Saved entries:
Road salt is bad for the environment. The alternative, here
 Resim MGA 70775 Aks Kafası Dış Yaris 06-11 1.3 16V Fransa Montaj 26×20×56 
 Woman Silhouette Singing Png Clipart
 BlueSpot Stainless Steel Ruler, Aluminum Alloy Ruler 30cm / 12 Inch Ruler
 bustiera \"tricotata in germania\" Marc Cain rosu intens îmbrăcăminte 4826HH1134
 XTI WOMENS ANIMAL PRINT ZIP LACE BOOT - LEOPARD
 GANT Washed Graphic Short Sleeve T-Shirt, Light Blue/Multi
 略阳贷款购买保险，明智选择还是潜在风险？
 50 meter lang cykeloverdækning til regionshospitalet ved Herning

- **HOW TO COMPLETE THIS TASK**: Repeat exactly, and only, the lines of the records above, starting with the line that contains "BlueSpot Stainless Steel" and ending with the final line, both included.

- **WRITTEN SOLUTION**:
 BlueSpot Stainless Steel Ruler, Aluminum Alloy Ruler 30cm / 12 Inch Ruler
 bustiera \"tricotata in germania\" Marc Cain rosu intens îmbrăcăminte 4826HH1134
 XTI WOMENS ANIMAL PRINT ZIP LACE BOOT - LEOPARD
 GANT Washed Graphic Short Sleeve T-Shirt, Light Blue/Multi
 略阳贷款购买保险，明智选择还是潜在风险？
 50 meter lang cykeloverdækning til regionshospitalet ved Herning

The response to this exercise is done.